Since then, I have cried maybe 10 times, for just a couple of minutes each time.
I have accepted her death, I think - I have found her, I have tried to relieve her, I was there to see her body...
And yet, I don't cry.
I feel sad, hollow. I don't want to live this life.
I have no job, little money to go on (maybe a few months?), but I'm obviously not in the right state of mind. I can't work, nor study right now. I always loved writing, and I'm trying to work on my comic novel, the one I cared so much about, before...but right now...
A friend of mine has been living with me and mum, for the last few years (he was closer to his job, this way), and always contributed to the expenses. He can provide for me, for the time being - my mum was a bit like his mum too, for the last 5 years.
I see nothing worth living for, right now.
My dad abandoned me. My mum abandoned me.
I keep dreaming that they tell me it's all a huge mistake, and that mum is alive and well. I hug her in my dreams, and I say the same exact things I used to tell her in real life "Please, take care of your health, mum, please, I don't want to lose you. I can do only this much, but the rest is up to you."...
And then, I wake up, and reality hits me.
I have begged her multiple times.
To take some days off from work, to take care about herself... and she always blamed me.
"If only you had your university degree, I could slow down.", or "If only you helped me more..."
And so I tried my best.
My university studies were going good again, after 3 years of almost nothing. I cleaned the housed and cooked all by myself, even if she never ate any of my food.
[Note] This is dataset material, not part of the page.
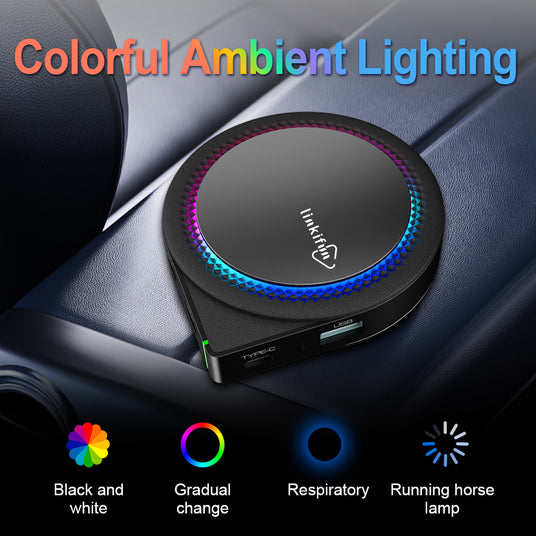 Linkifun GT6 Pro displaying various ambient lighting options, including black and white, gradual change, respiratory, and running horse lamp modes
She didn't even want to try it.
And now I feel guilty.
If only I had checked more often on her that night, too.
If only I hadn't felt depressed for 5 years, and had completed university.
If only, if only...
My life has lost all meaning now.
And what I'm scared about, is that it will get worse day by day. I have resisted many, many losses already in my life. More than you can imagine. And this is just the final blow.
I don't want to miss her anymore than I'm already doing.
I hardly ever eat, I can't sleep more than 4 hours, and am I just... the shadow of the positive, energetic girl that I was.
I just want this to end.
Will luck ever turn my way?
I am only 25.
And I have already endured what most people will endure in a whole lifetime - my grandparents died, my father, my mother, who was only 64. My family robbing me. My best friend disappearing.
I can't just take any more pain.
I just can't.
Thanks for reading, and good luck to everyone.